* What is needed: Would you restate, word for word, only the lines starting at the one with "Marcelo Armchair Fornasarig" and ending with the final line of the entries below? Pictures stay out.

* Listed entries:

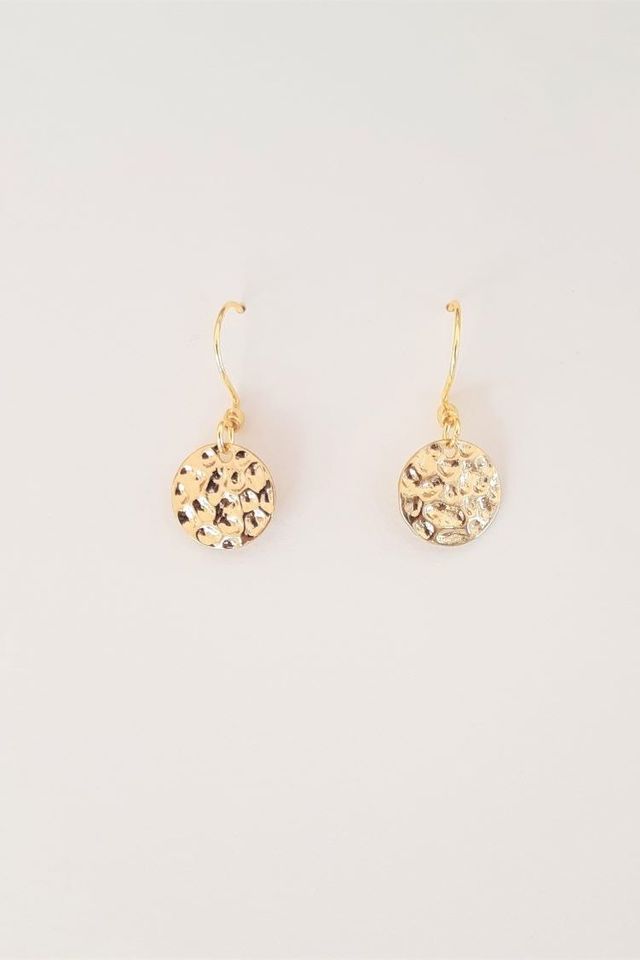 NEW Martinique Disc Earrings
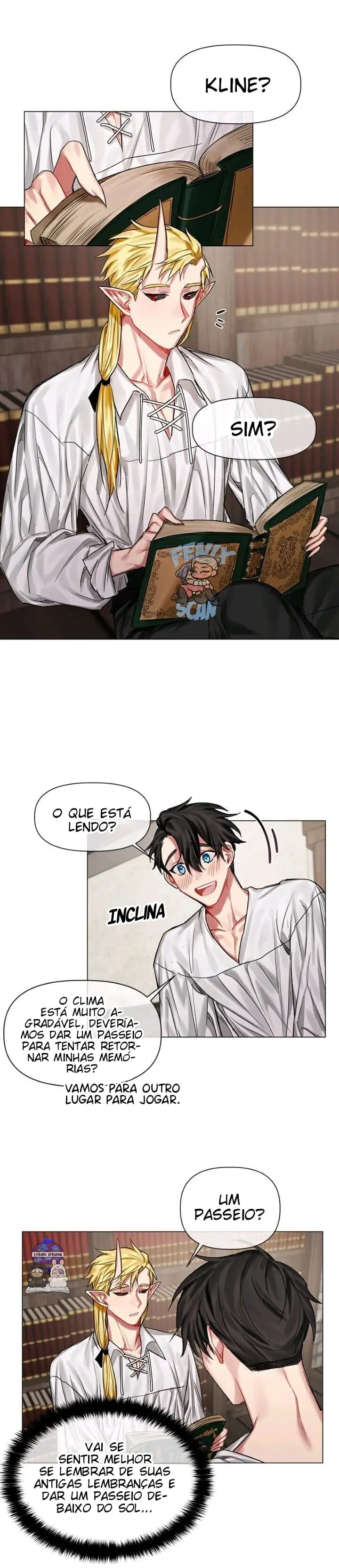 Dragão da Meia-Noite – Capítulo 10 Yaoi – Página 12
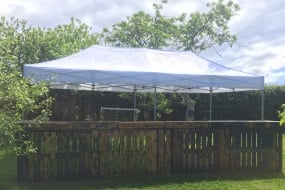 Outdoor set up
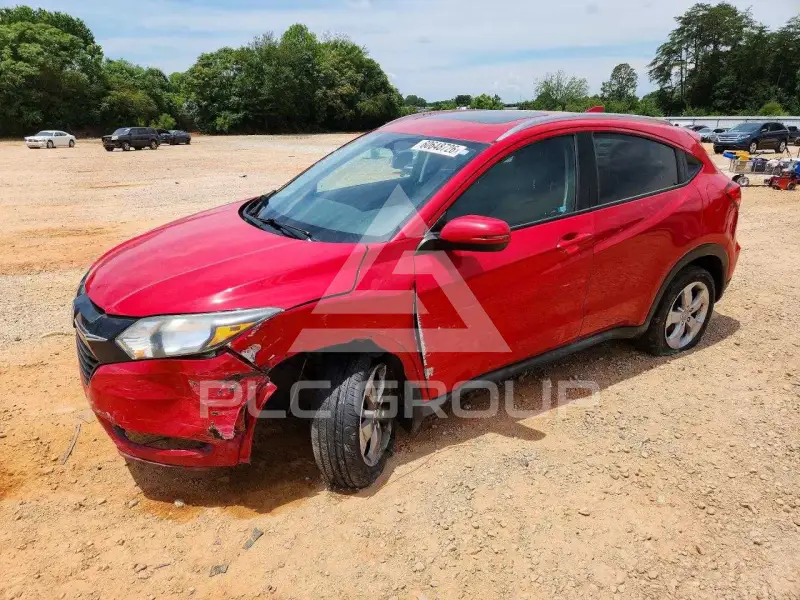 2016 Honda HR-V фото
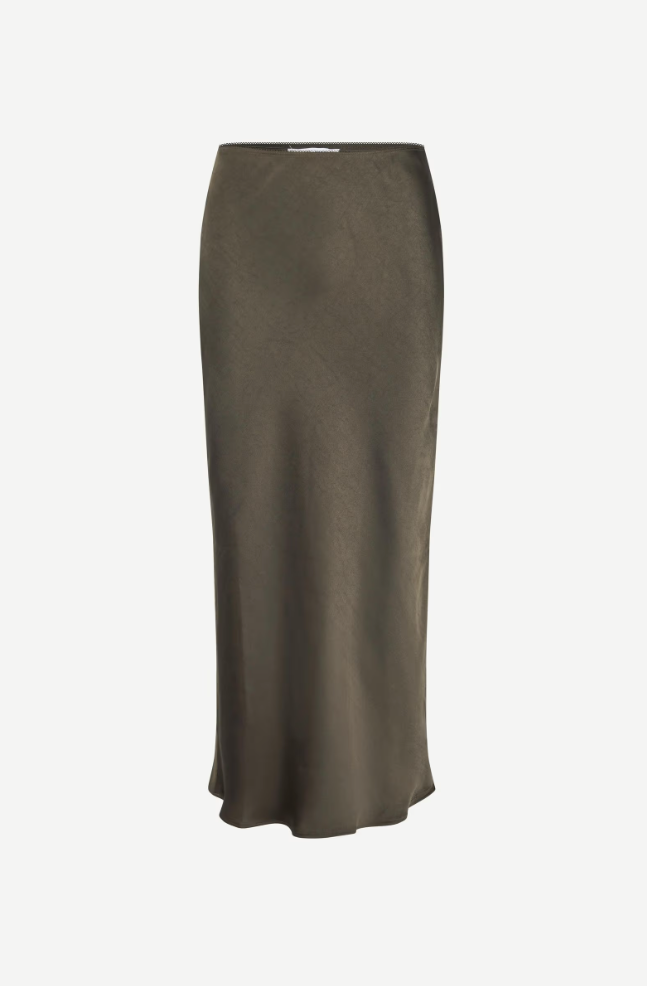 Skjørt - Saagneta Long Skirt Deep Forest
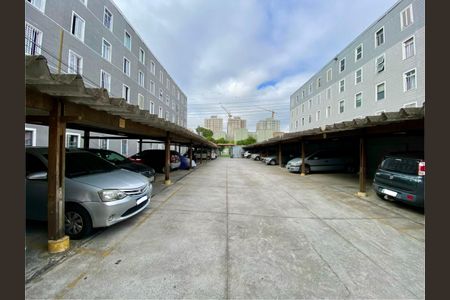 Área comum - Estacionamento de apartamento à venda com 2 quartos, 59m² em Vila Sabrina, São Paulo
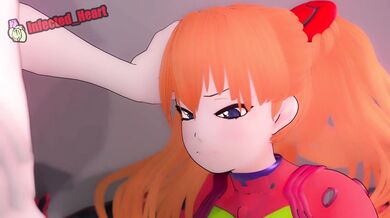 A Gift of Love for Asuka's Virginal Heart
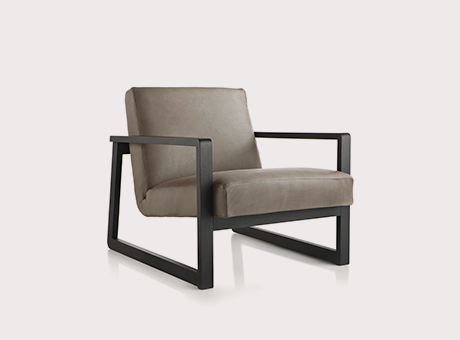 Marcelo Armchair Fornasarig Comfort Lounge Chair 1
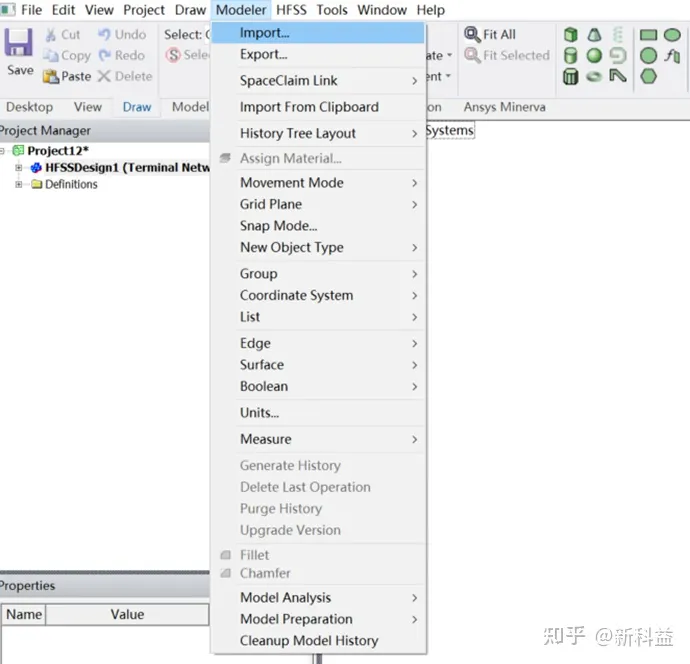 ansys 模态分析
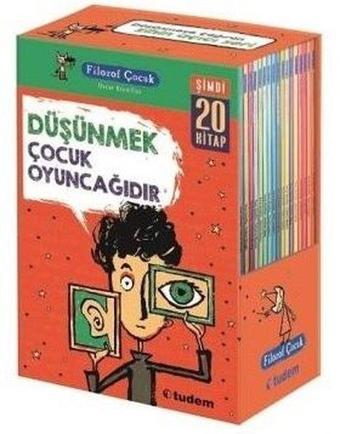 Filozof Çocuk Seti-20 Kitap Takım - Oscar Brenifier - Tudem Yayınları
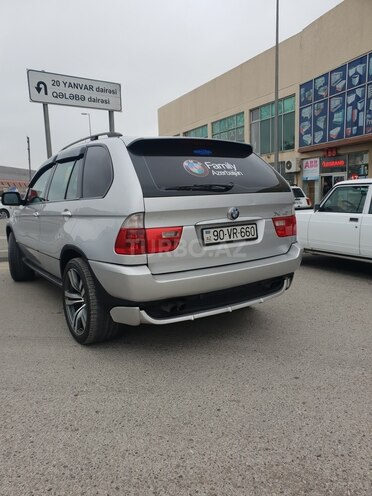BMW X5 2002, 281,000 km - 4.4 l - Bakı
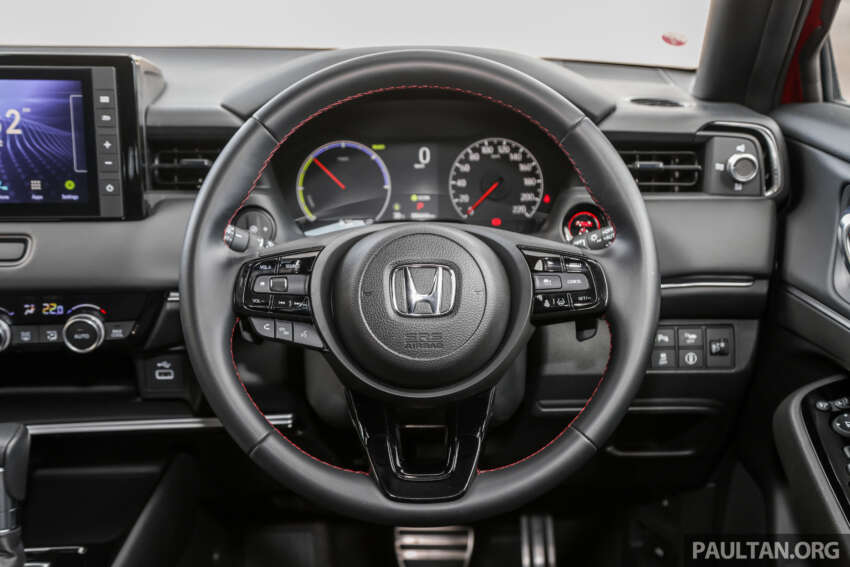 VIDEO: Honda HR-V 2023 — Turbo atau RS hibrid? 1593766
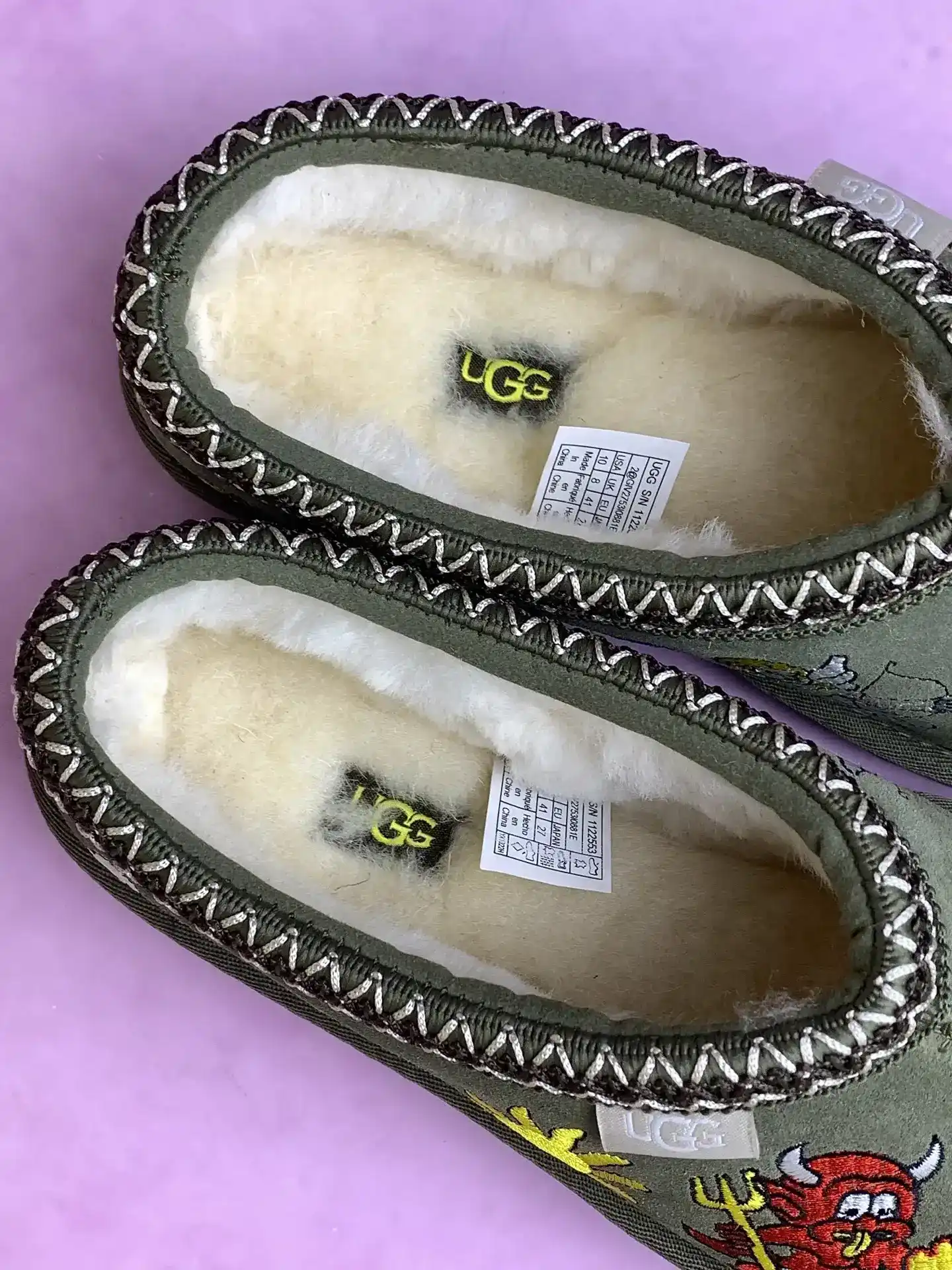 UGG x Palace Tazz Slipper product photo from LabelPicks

* Answer to the exercise:
 Marcelo Armchair Fornasarig Comfort Lounge Chair 1
 ansys 模态分析
 Filozof Çocuk Seti-20 Kitap Takım - Oscar Brenifier - Tudem Yayınları
BMW X5 2002, 281,000 km - 4.4 l - Bakı
 VIDEO: Honda HR-V 2023 — Turbo atau RS hibrid? 1593766
 UGG x Palace Tazz Slipper product photo from LabelPicks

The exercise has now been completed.